Type 2 Diabetes Mellitus and adverse pregnancy outcomes: experience from Victoria’s largest healthcare service — ASN Events

Type 2 Diabetes Mellitus and adverse pregnancy outcomes: experience from Victoria’s largest healthcare service (#261)

Sally Abell 1 2 , Jacqueline Boyle 1 3 , Christine East 3 , Amanda Kendall 3 , Sanjeeva Ranasinha 1 , Georgia Soldatos 1 2 , Euan Wallace 3 4 , John Regan 3 , Helena Teede 1 2
  1. Monash Centre for Health Research and Implementation, Monash University, Melbourne
  2. Diabetes and Vascular Medicine Unit, Monash Health, Victoria
  3. Monash Women's Services, Monash Health, Clayton, Victoria
  4. The Ritchie Centre, Department of Obstetrics and Gynaecology, Monash University, Clayton, Victoria

Aim
To compare pregnancy outcomes in women with and without T2DM attending a quaternary (Level 6) maternity service.

Methods
Large-scale retrospective observational study of all singleton births >20 weeks gestation at Monash Health 2010-2013. Data (pregnancy details, maternal and neonatal outcomes) were extracted from the Birthing Outcomes System database. Descriptive statistics are presented and multivariable regression analysis was used to examine associations between T2DM and pregnancy outcome, adjusting for potential confounders including age, ethnicity, BMI, parity and smoking.

Results
Outcomes for 142 women with T2DM and 27,570 women with normal glucose tolerance were analysed. Women with T2DM were older (mean±SD: 33.7±5.3 vs 29.5±5.4 years) and had higher BMI (median+IQR: 32.9+10.8 vs 24.4+6.7 kg/m2), but were less likely to be parous than women without diabetes (all p<0.001).

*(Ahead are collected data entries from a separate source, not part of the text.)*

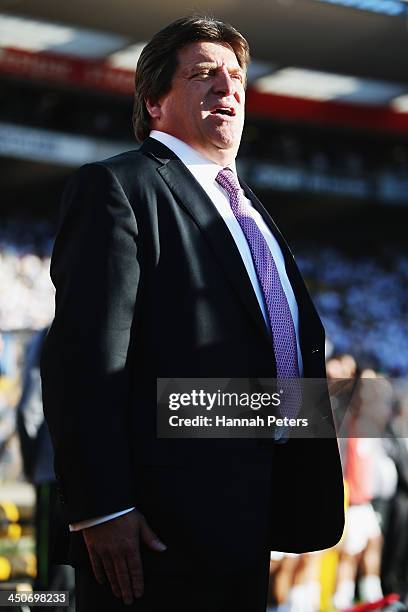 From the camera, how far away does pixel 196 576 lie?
1614 mm

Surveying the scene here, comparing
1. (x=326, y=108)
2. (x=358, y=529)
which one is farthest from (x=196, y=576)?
(x=326, y=108)

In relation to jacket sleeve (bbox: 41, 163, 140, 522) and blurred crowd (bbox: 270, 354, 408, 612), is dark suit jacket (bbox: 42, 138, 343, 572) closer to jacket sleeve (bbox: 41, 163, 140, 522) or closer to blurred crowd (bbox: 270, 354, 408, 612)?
jacket sleeve (bbox: 41, 163, 140, 522)

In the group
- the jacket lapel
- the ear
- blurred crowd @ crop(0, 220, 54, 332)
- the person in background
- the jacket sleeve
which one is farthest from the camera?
blurred crowd @ crop(0, 220, 54, 332)

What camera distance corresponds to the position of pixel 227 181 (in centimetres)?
191

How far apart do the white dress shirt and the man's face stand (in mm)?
19

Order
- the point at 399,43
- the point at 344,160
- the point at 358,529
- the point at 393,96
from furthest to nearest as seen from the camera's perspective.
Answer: the point at 344,160 < the point at 393,96 < the point at 399,43 < the point at 358,529

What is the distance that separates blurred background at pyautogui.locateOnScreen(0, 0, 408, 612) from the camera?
14820 millimetres

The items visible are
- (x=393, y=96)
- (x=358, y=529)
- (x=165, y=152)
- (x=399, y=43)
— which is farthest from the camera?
(x=393, y=96)

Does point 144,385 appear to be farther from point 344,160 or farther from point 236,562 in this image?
point 344,160

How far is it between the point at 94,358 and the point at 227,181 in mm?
521

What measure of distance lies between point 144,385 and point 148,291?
17 cm

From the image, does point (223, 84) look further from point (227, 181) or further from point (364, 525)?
point (364, 525)

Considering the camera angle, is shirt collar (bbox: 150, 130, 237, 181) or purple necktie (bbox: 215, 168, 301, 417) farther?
shirt collar (bbox: 150, 130, 237, 181)

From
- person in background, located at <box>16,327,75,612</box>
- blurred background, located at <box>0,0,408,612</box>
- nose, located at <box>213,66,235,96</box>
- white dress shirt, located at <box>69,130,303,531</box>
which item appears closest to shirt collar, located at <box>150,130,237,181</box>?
white dress shirt, located at <box>69,130,303,531</box> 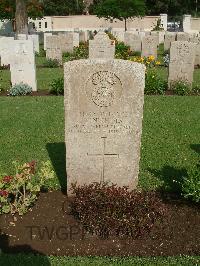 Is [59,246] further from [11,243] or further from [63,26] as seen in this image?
[63,26]

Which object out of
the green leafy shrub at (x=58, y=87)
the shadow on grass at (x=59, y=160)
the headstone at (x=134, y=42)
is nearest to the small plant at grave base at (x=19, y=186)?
the shadow on grass at (x=59, y=160)

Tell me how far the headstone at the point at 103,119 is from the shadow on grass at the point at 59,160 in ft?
2.04

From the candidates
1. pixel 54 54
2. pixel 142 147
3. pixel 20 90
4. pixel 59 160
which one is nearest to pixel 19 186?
pixel 59 160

Reflecting hospital protocols, compared to those without diabetes, women with T2DM were more likely to give birth earlier (mean gestation 39.0±3.0 vs 37.0±3.0 weeks, p<0.001), undergo induction of labour (21.4% vs 53.5%, p<0.001) or caesarean section (26.8% vs 52.8%, p<0.001) and the baby was more likely to be admitted to the special care nursery (18.7% vs 77.5%, p<0.001). Compared to those without diabetes, women with T2DM were more likely to have pre-eclampsia (2.4% vs 9.2%, p<0.001) and gestational hypertension (1.9% vs 4.9%, p=0.010). Compared to babies of women without diabetes, babies of women with T2DM were more likely to have had hypoglycaemia (4.2% vs 21.8%, p<0.001), jaundice (6.9% vs 20.4% p<0.001), and macrosomia (8.2% vs 17.6%, p<0.001). Babies born vaginally to women with T2DM were more likely to have had shoulder dystocia (2.5% vs 7.5%, p=0.009), or low Apgar score (<7) at 5 minutes (3.0% vs 9.0%, p<0.005). There were no differences in rates of respiratory distress or stillbirth.

Conclusions
T2DM remains associated with significantly increased rates of several adverse obstetric and perinatal outcomes, reinforcing the importance of vigilant screening and active management.